I never worry about trying to maintain objectivity in that kind of journalistic way. Because like for instance I knew that this ultimately was going to be an admiring portrait of Roger Ebert because I wouldn’t have wanted to make it otherwise. I am not that kind of filmmaker. I want to be around people I am interested in. And so I knew that so it was never going to be objective in any kind of purely journalistic way. I did not go out of my way to find someone who hated Roger or something. But I went out of my way to find people critical of his contributions. I knew that I wanted it to be honest, though, and I think there is a difference between honest and objective. Honest is it may have a point of view and I feel like all my films do but I try not to make my point of view blow out of the water and eliminate anything that’s contrary to it, that’s contrary to who this person is or that there is other ways to look at this person. And so that was important. I mean when I saw how stubborn Roger could be with Chaz, I was a little surprised until I thought about it, “Well, you don’t get to be Roger Ebert and you don’t survive all he’s been through without being stubborn.” And I am not talking about just doing this; I’m talking about 20 years with Gene Siskel. You don’t get to be that way without having a stubborn streak in you. He had had a toughness about him that was essential to his success. He also had a generosity about him that everyone commented on that didn’t just happen late in life. Although he became even more generous, it was there all along.
In the film we hear filmmakers talk about how instrumental he was in helping them. How did he help you with “Hoop Dreams?”

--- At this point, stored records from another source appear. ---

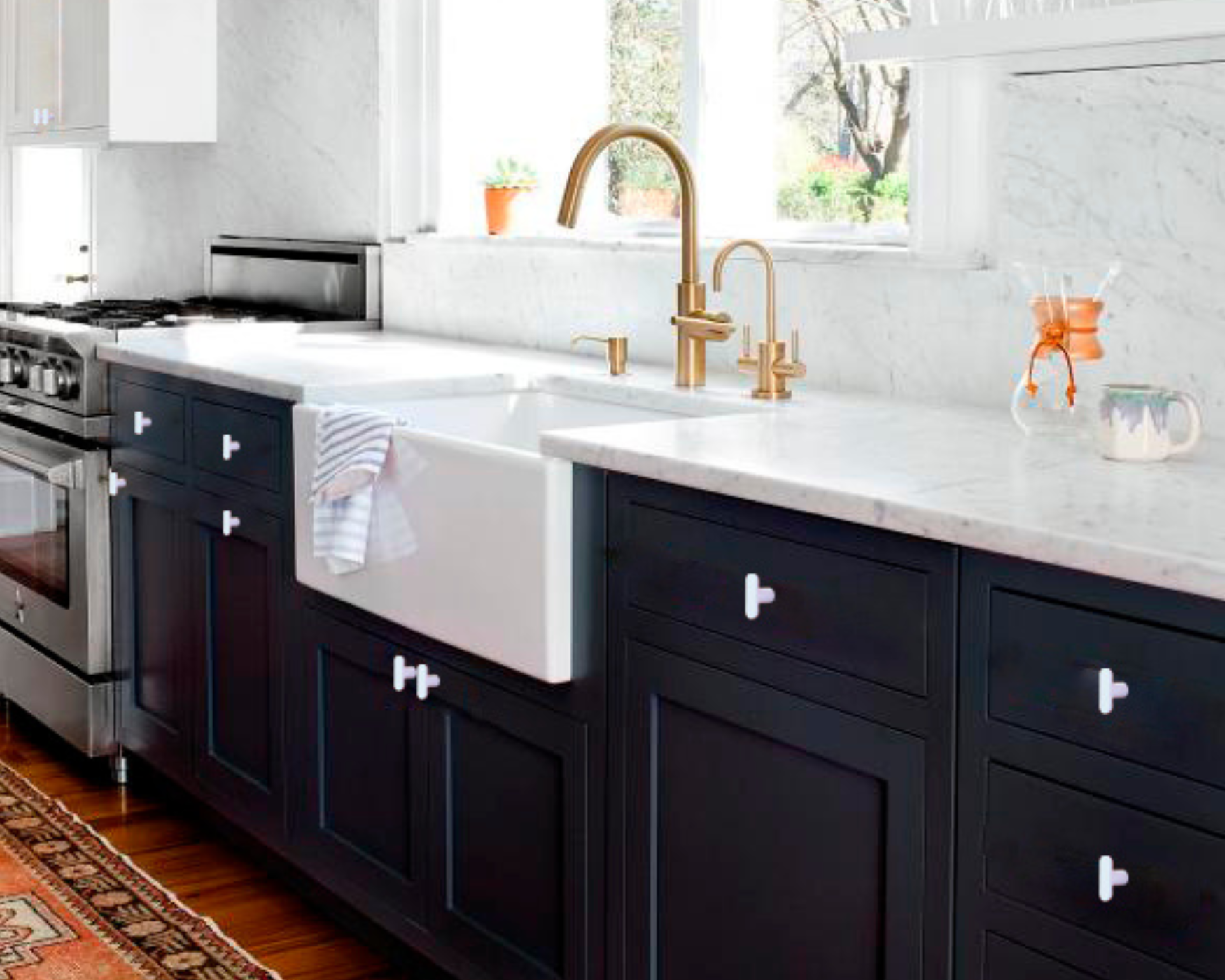 Modern kitchen with brass faucet, farmhouse sink, and matte black cabinets featuring white t bar knobs.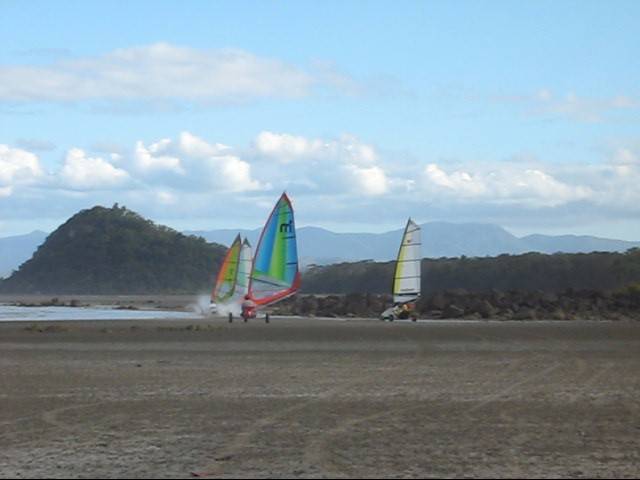Exploring Midge Point- raceing the tide home!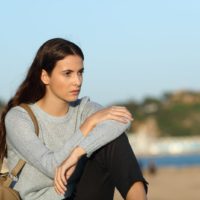 mujer mirando hacia otro lado sentada en la playa de una ciudad costera
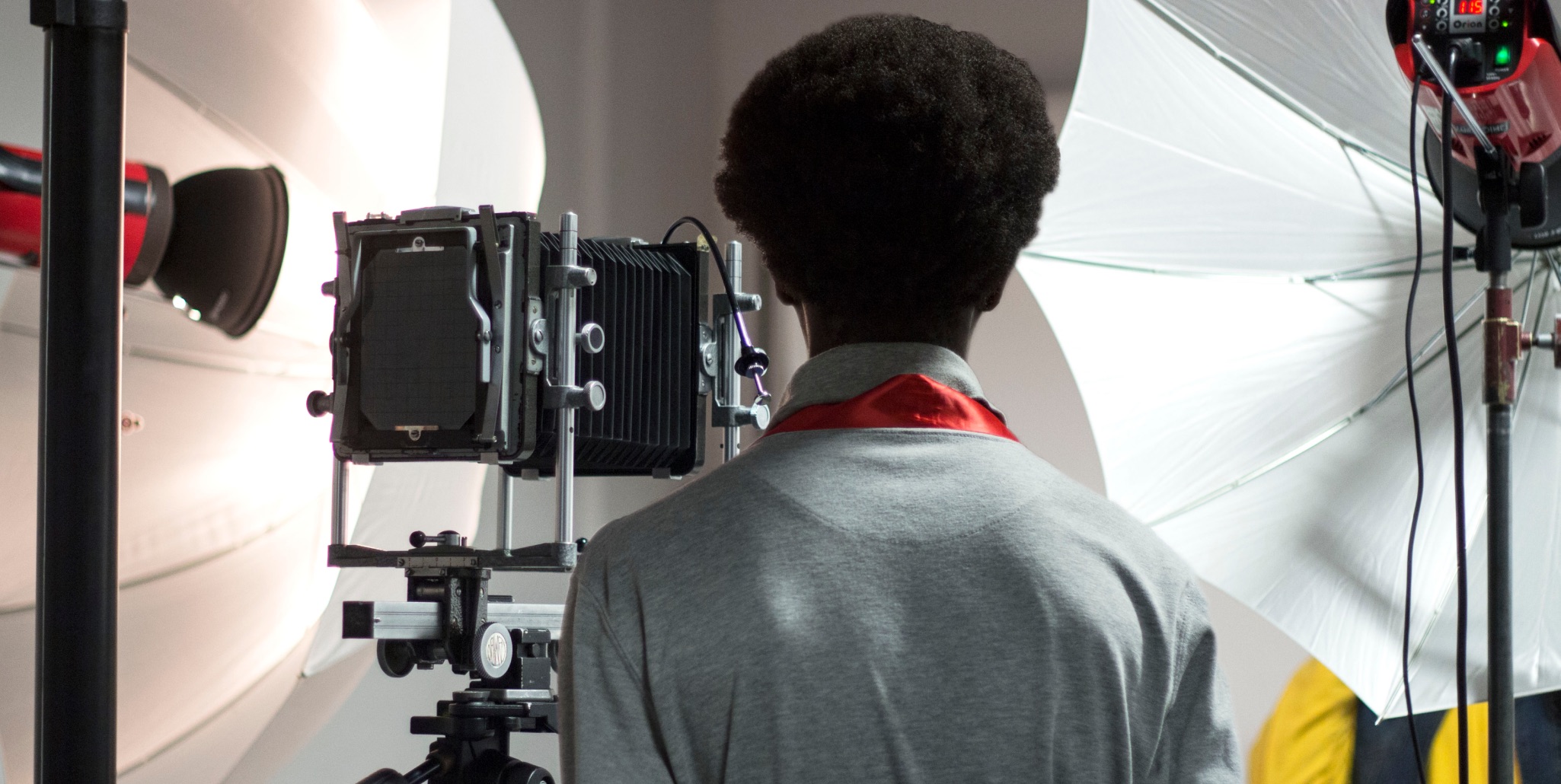 Student in a photography studio standing behind a large format camera with lighting equipment.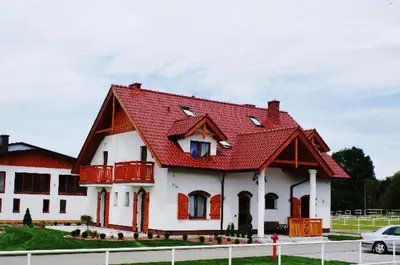 a large white house with a red roof at A-Prim in Oświęcim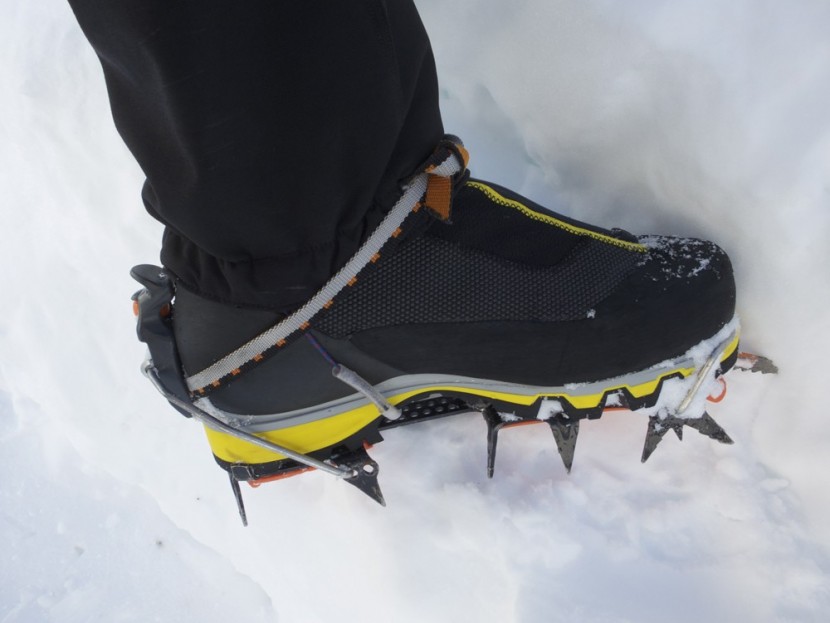 salewa pro gaiter - medial view of the salewa pro gaiter with a petzl lynx crampon...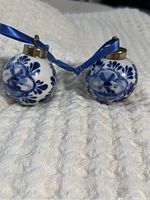 Two small blue and white Delft-style glazed ceramic ball ornaments with blue ribbons for hanging, featuring classic windmill and floral designs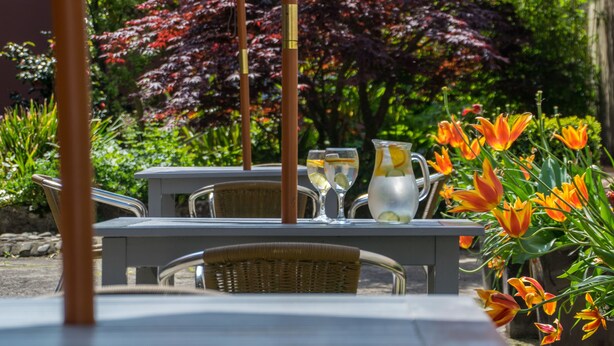 An outdoor seating area with a table, chairs, and a pitcher of water. - Old Kings Arms Hotel (Pembroke)
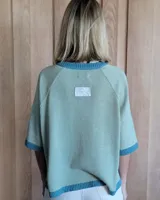 Buzo de punto color verde kiwi con cuello, puños y ruedo en azul.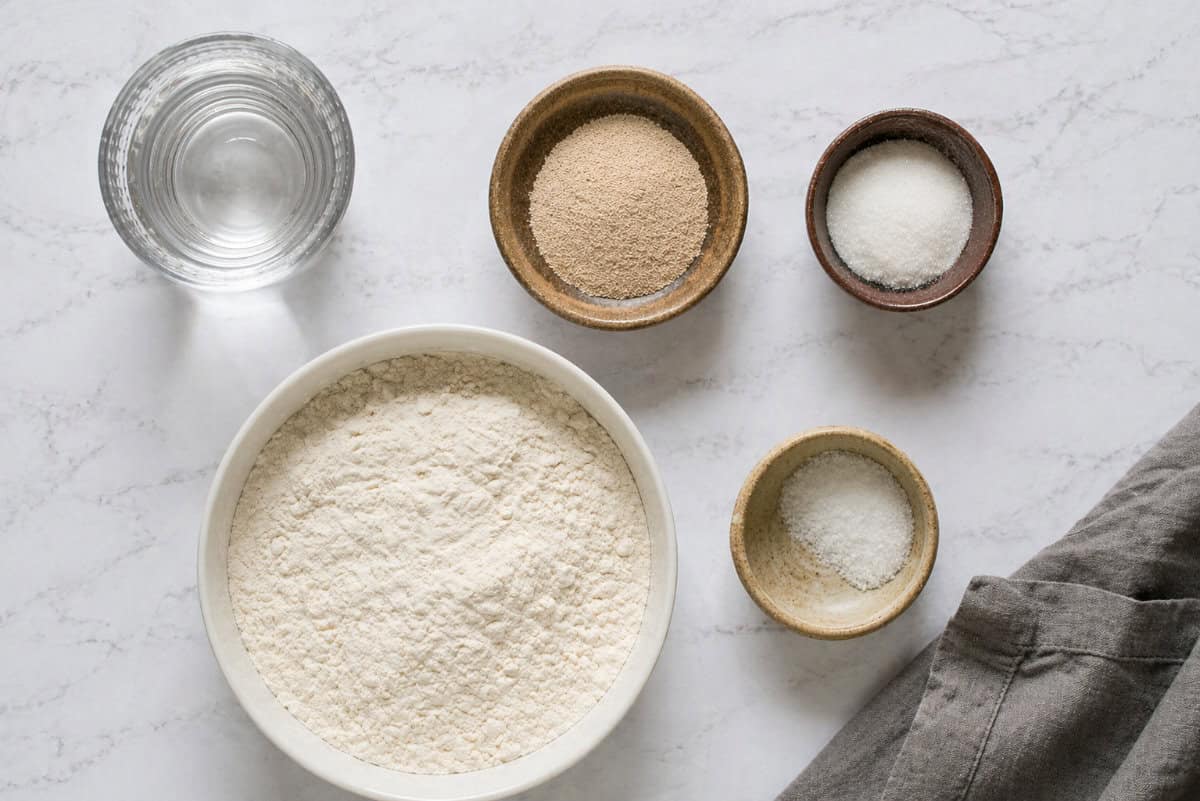 Bolillo ingredients with flour yeast water and salt.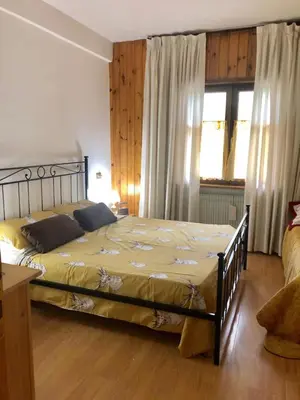 a bedroom with a large bed in a room at Appartamento AB in Passo San Pellegrino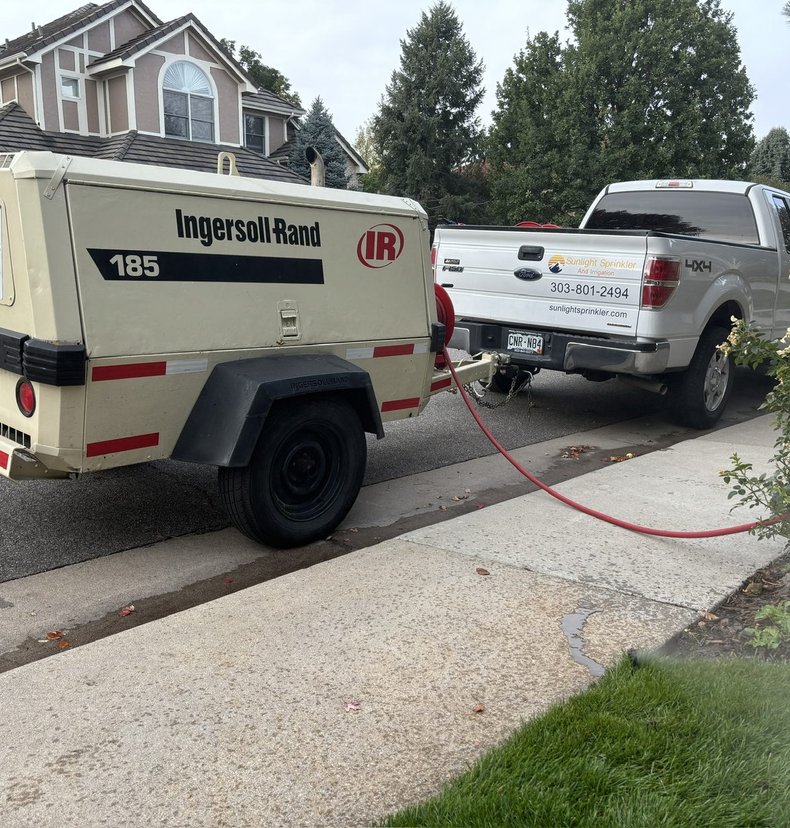 Sunlight Sprinkler truck and Ingersoll-Rand compressor set up for a fall sprinkler blowout in Denver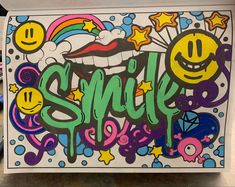 the word smile is painted on top of a box with smiley faces and stars around it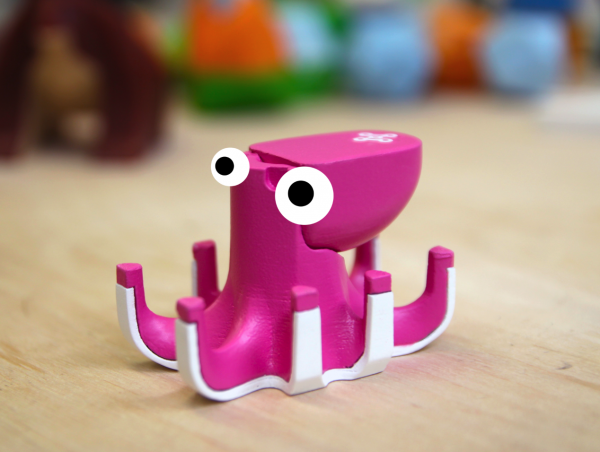 physical game piece with cartoon eyes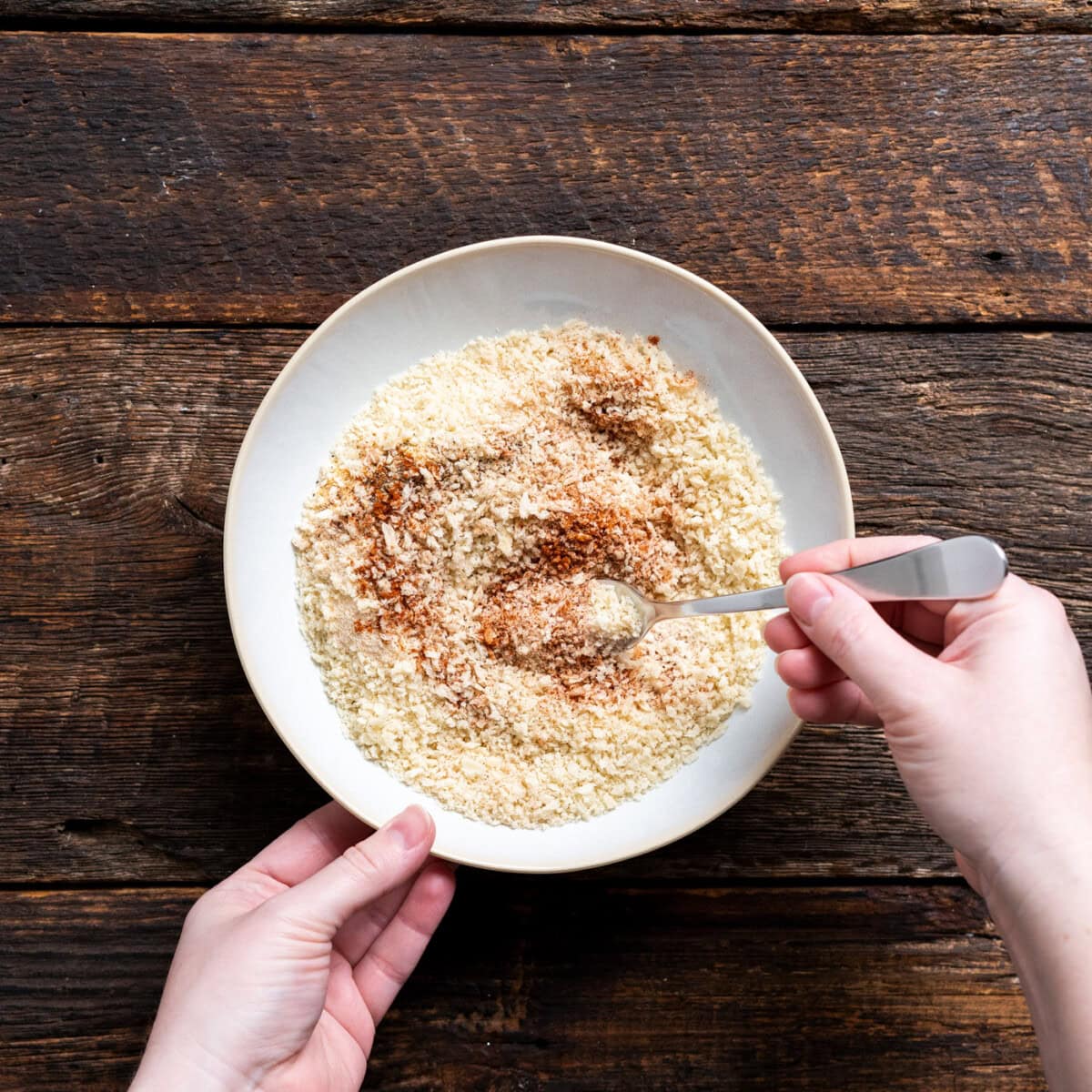 seasonings mixed with breadcrumbs in a bowl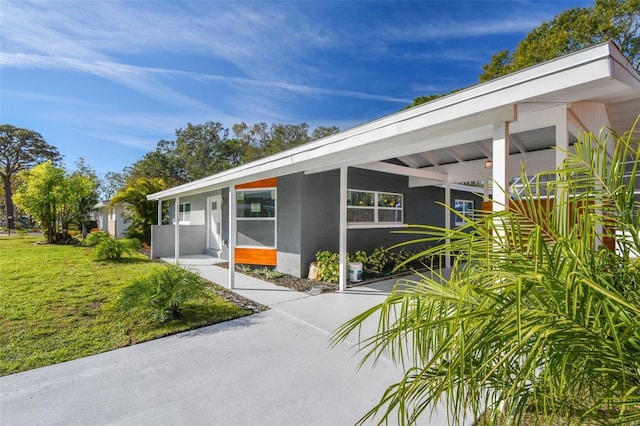 2042 Craft Ln, Sarasota, FL 34239 - view of front of home with a front lawn and stucco siding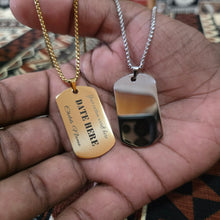 Load image into Gallery viewer, Two dog tag necklaces held in a hand, one gold-toned with engraved text and one silver-toned with a reflective finish, on chain straps.
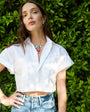 Woman wearing a white shirt and blue jeans with a gold collar necklace featuring fish shaped charms standing against a green hedge.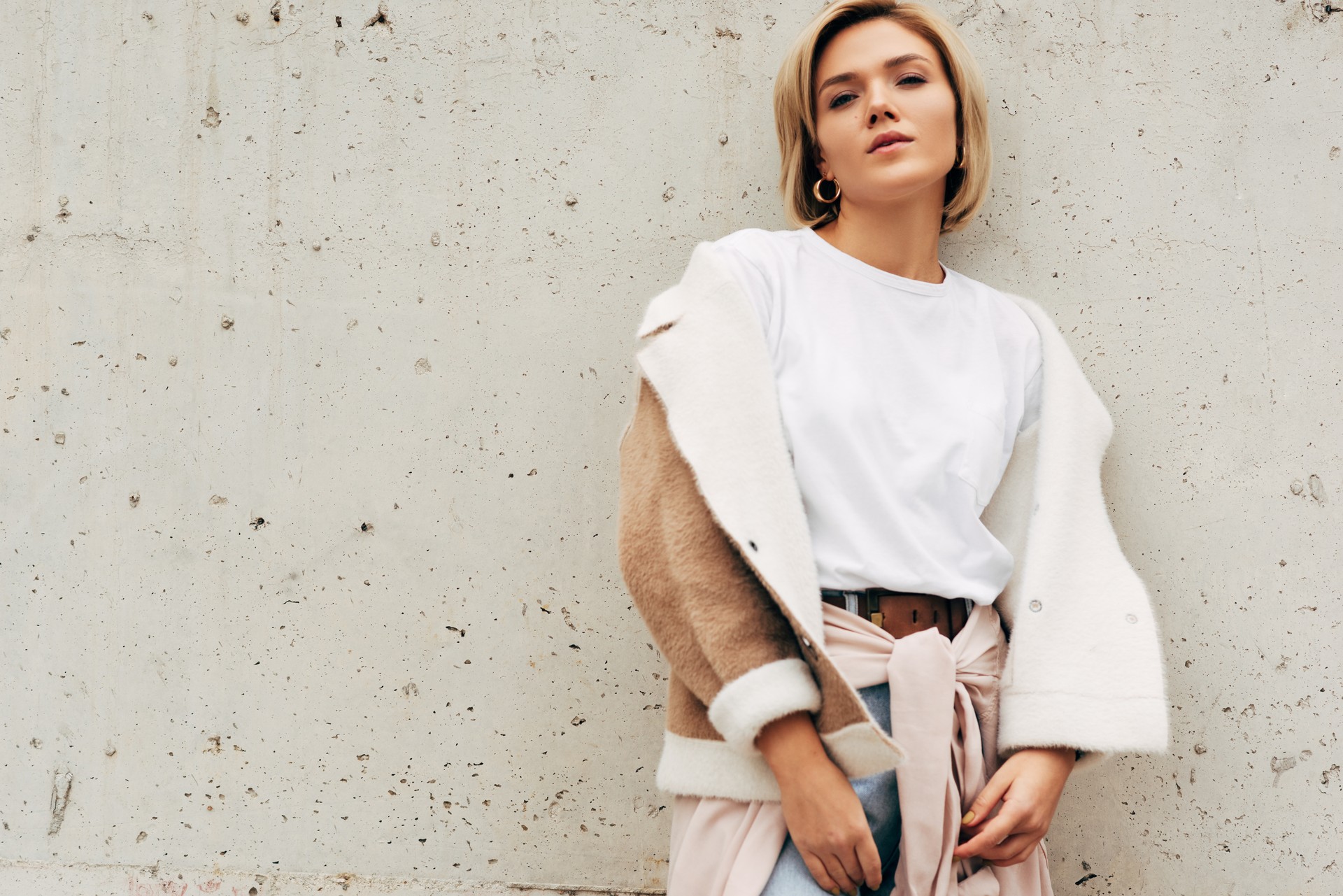 Image of stylish blonde young woman wearing white t-shirt and beige jacket, smiling and looking to the camera. Gorgeous female on concrete white wall in the city street, during waiting her boyfriend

First, he and Gene reviewed the film on the show when it was just going to Sundance. For them to even review it was remarkable because it had no distribution and it was three hours long and they knew that. And so they watched it and then they decided they were going to go on the show while it was at Sundance and they said something to the effect of, “You can only see this film if you are at the Sundance film Festival but we really feel that this film should be seen by a wider audience.” And they just sort of planted this flag. Sundance made an enormous difference because up until then, it was the three-hour documentary about two kids playing basketball that no one ever heard of and nobody was really going to see it. It was getting some buzz with the audiences a little bit but the distributors weren’t. And then suddenly, it was like we were a hot ticket at Sundance and we had ended up with three or four different offers and none of that would have happened without what they did, no way that would’ve happened even if they loved it.
And then over the years, Roger continued to write very thoughtfully about my work and support my work. Three years ago when “The Interrupters” came out, when it premiered at Sundance, we had sent a screener to him, just hoping that he would watch it. I don’t tweet but someone told me, “Roger just tweeted this wonderful thing about the film at Sundance.” He knew that we were premiering there; he knew exactly what he was doing. He had 800,000 Twitter followers; it was picked up, it was tweeted all around and then he continued to champion that film right up through the end of the year and was outraged when we did not get shortlisted for the Oscar. He was just such a supporter of my work. For me to be able to kind of do this film means a lot.